What the task asks — Make a verbatim copy of all the records. Skip every image.

Entries supplied —
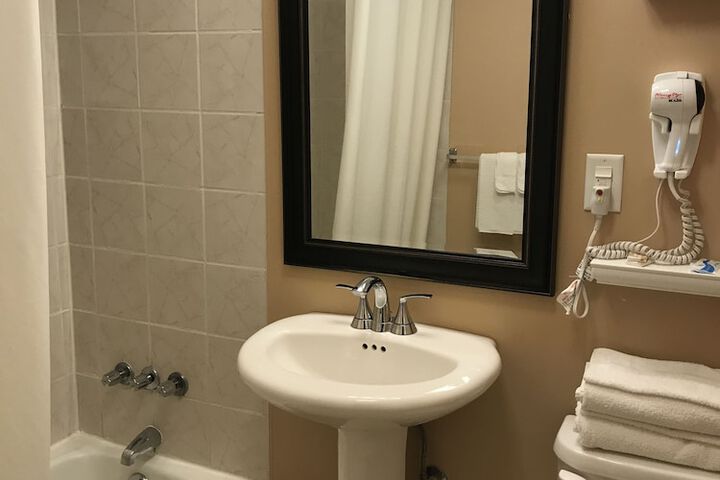 Bathroom amenities
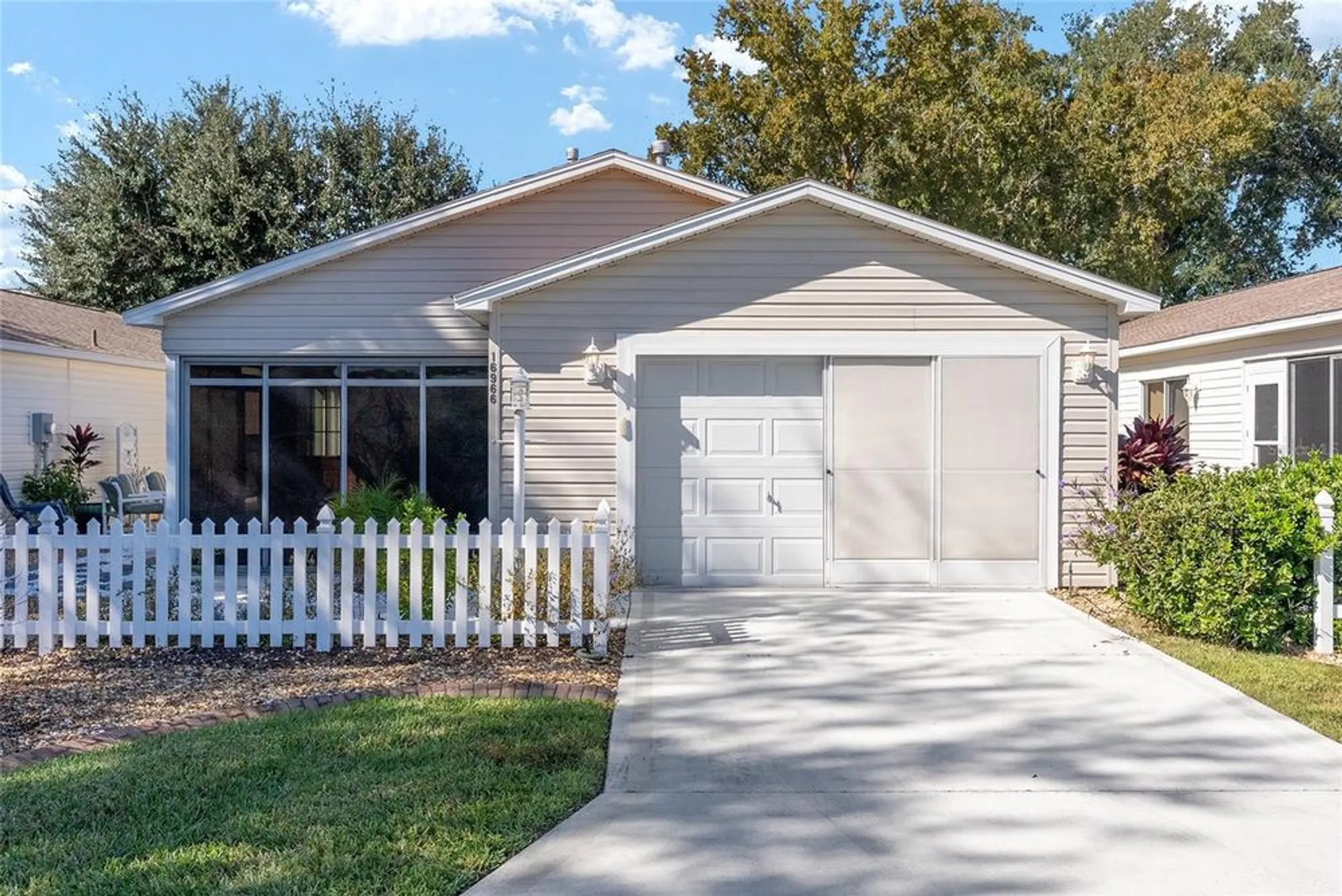 Property Slideshow image 33 of 34 | 16966 se 94th sunnybrook cir, The Villages, FL, 32162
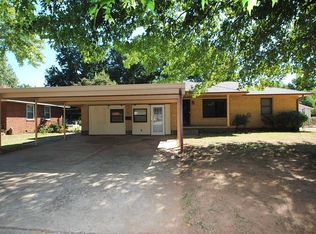 204 Burk Way, Del City, OK 73115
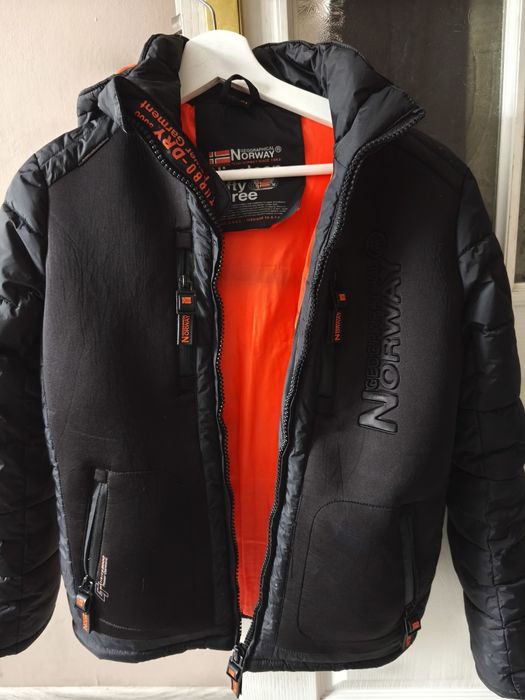 Chłopięca kurtka puchowa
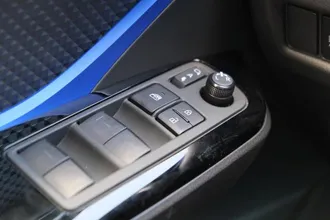 C-HR 24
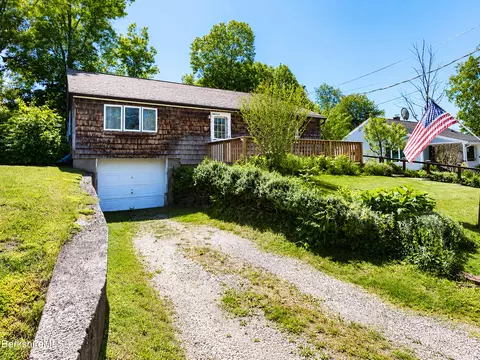 116 Bromback St, Pittsfield, MA 01201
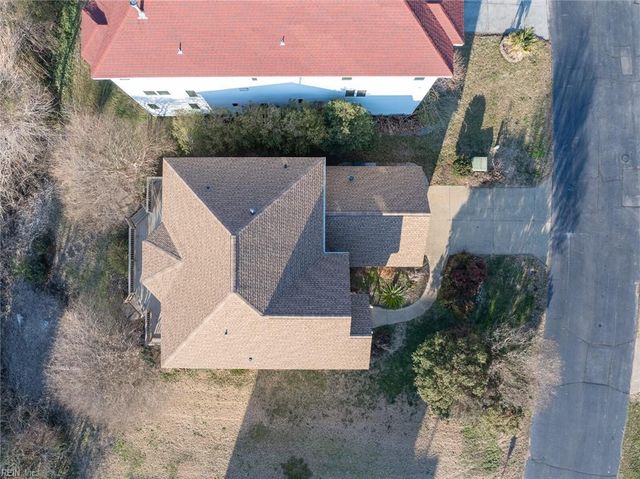 10 Channel LN, Hampton, VA 23664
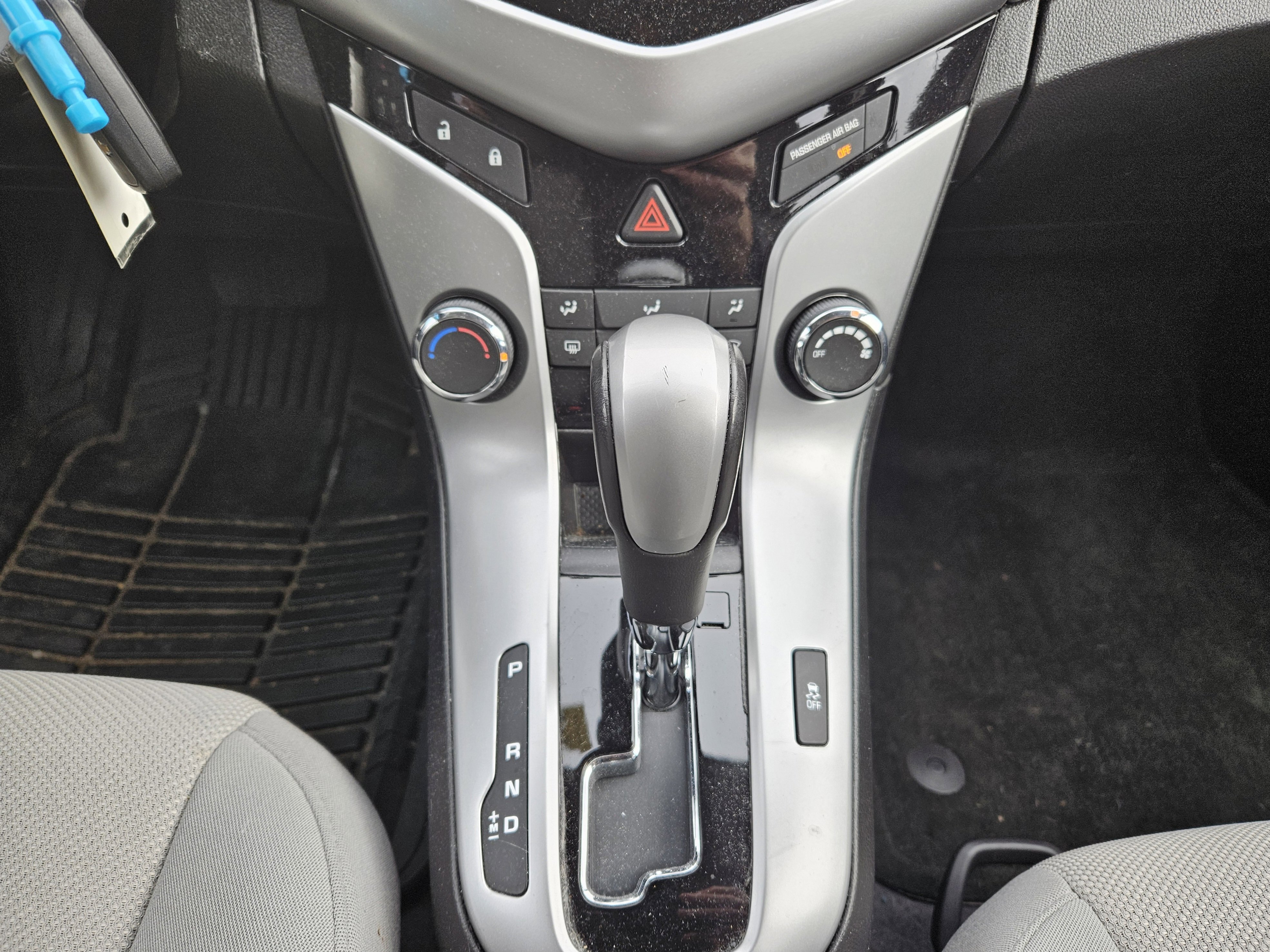 Used 2014 Chevrolet Cruze LT w/ All-Star Edition image 15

Finished task —
 Bathroom amenities
 Property Slideshow image 33 of 34 | 16966 se 94th sunnybrook cir, The Villages, FL, 32162
 204 Burk Way, Del City, OK 73115
 Chłopięca kurtka puchowa
 C-HR 24
 116 Bromback St, Pittsfield, MA 01201
 10 Channel LN, Hampton, VA 23664
 Used 2014 Chevrolet Cruze LT w/ All-Star Edition image 15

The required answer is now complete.